How I Built a Website Change Monitor with Python and Playwright

Have You Ever Experienced the Refresh Struggle?

Imagine this. A friend of mine was tirelessly refreshing a therapy booking website, hoping to secure an appointment while the page frustratingly displayed "fully booked." Watching their effort and frustration inspired me to craft a solution. And yes, it worked!

I built a simple Python-based tool to automate the process of detecting changes on the website. This not only saved time and effort but also ensured notifications the moment a booking slot became available.

This blog will walk you through the steps I took to create a website change monitoring tool using Python, Playwright, and Raspberry Pi. Prepare to learn with me as I dive into a new topic. It’s been an exciting journey filled with challenges and insights. I’ve explored various approaches to deepen my understanding and I’m thrilled by the possibilities that emerged. At the conclusion, I'll share the complete code on my GitHub.

Understanding the Challenge

The Challenge

Dynamic SPA Content Modern websites often use frameworks like Vue or React to load content dynamically, which makes traditional scraping ineffective. Initially, I tried using Python's requests and BeautifulSoup to fetch and parse the HTML. But every time, the scraper returned only the basic shell of the site—the actual appointment message never appeared.

Lesson learned: If the content is rendered with JavaScript, you need a tool that acts like a real browser.

The Goal

To create a reliable tool that could automatically:

  • Log into the booking site even if it was behind authentication.

  • Monitor updates related to appointments.

  • Send alerts when desired changes occurred.

  • Run this on my own Raspberry Pi

Authentication and CSRF Tokens Next hurdle:

The site required login, and not just any login—one protected by CSRF tokens and session cookies. I tried handling it manually using requests and BeautifulSoup, but it quickly turned messy and unreliable. Instead, I switched to Playwright.

With Playwright, I could simulate a real user session easily:

page.goto(LOGIN_URL)
page.fill("input[name='email']", USERNAME)
page.fill("input[name='password']", PASSWORD)
page.click("button[type='submit']")
page.wait_for_url("**/patient-home/**")

Playwright took care of cookies, tokens, and redirects, making the process seamless. This alone saved hours of debugging.

Detected Website Changes

Initially, my goal was to create a script that captures a snapshot of the website each time the script is executed. This snapshot would then be compared to the previous version, and should any changes be detected, an alert would be triggered. But targeting the right element rather than comparing entire HTML files - which could change due to timestamps or ads - was the better solution. I focused on a specific message:

page.goto(MONITOR_URL)
page.wait_for_selector("article.bookable-slot-list h1")
current_text = page.text_content("article.bookable-slot-list h1").strip()

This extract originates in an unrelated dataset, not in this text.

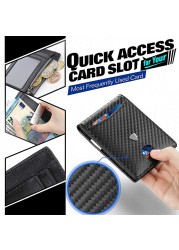 DIENQI Carbon Fiber Men Wallets Card Holder Rfid Money Bag Short Bi-fold Leather Small Size Wallet Male Wallet Smart Walet Black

I compared the “current_text” to the expected "All therapists are currently booked". If it differed, the script sent an email (using the smtplib module). This approach was fast, robust, and avoided false positives.

Deployment and Automation

To run the script continuously, I deployed it on a Raspberry Pi. Here’s how I set it up:

  1. Create a Python virtual environment

python3 -m venv venv
source venv/bin/activate
pip install playwright
playwright install chromium

2. Add logging to track script behavior

I also added some logging features with the logging library to see when an appointment is free and when an email is sent.

import logging
logging.basicConfig(
    level=logging.INFO,
    format="%(asctime)s %(levelname)s: %(message)s",
    handlers=[
        logging.FileHandler("monitor.log"),
        logging.StreamHandler()
    ]
)

3. Schedule it with cron

To schedule the script on my Raspberry Pi, I used cron::

0 */4 * * * cd /home/pi/monitor && /home/pi/monitor/venv/bin/python monitor.py >> monitor.log 2>&1

So, every 4 hours, the script runs and checks if an appointment slot is free. I reduced the timer later to 2 hours.

Why Not Use an API?

I explored the idea of accessing an API endpoint directly. Using Chrome DevTools, I checked all XHR and fetch requests, filtered by keywords like "slot" or "api", but found nothing usable. Some requests were hidden inside JavaScript bundles, others used GraphQL or required tokens that were hard to retrieve reliably.

Using Playwright sidestepped all of that complexity. I got the final rendered page just like a real user would.

Conclusion

At first, I thought I could scrape a static page with a simple requests call. When that failed, I dived into DevTools, tried reverse engineering, and even considered screenshot diffs. But it wasn’t until I embraced Playwright that things clicked. Within a weekend, I had a working prototype that logged in, monitored the slot message, and notified me the moment something changed. That one change saved my friend from constant frustration—and gave me a serious productivity boost.